# David C F Wright



## Guest (Nov 23, 2019)

This gentleman's articles have been referenced in a couple of threads recently and over the past few years. He has been described as a contributor to MusicWeb International. Having read some of his articles, which often contain eyebrow-raising opinions, I was prompted to find out more about MusicWeb, where I note that a number of his articles have been removed.

Does anyone know any more about the ubiquitous Mr Wright?
How reliable is MusicWeb?


----------



## Nereffid (Feb 6, 2013)

I don't use MusicWeb as much now as I did in the past, but when I was filling gaps in my CD collection it was very useful as a source of reviews. I can't say I ever found anything that made me doubt the site's reliability - the reviewers come across as level-headed enthusiasts. Wright's name rang no bells, and searching the site it seems that his contributions were composer profiles rather than reviews.
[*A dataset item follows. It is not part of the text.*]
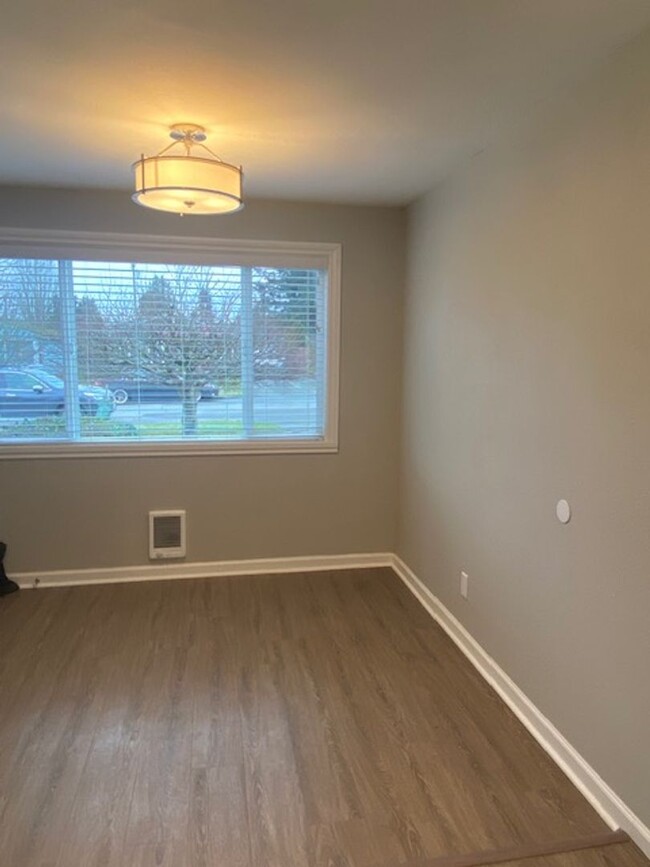 Building Photo - Updated 3 BD and 1 BA house in Tacoma! All...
His Schubert hatchet-job is extraordinary!


----------



## Nereffid (Feb 6, 2013)

Actually I've been doing a bit more digging, and it seems that Wright did have reviews on MusicWeb but they were removed in 2003, which was before I started visiting the site. He seems to have had a major problem with MusicWeb's Founding Editor Rob Barnett, who gets a thorough going-over on Wright's site!


----------



## Phil loves classical (Feb 8, 2017)

^ I just had to look up what Wright wrote on Barnett after your post:

https://www.wrightmusic.net/pdfs/rob-barnett.pdf

I recall seeing the name Barnett but not anything he wrote. But I do agree with Wright that Musicweb may not be the best resource to knowing what the music is about. It's about how the performances strike the reviewer, which is all what many record buyers are most interested in.


----------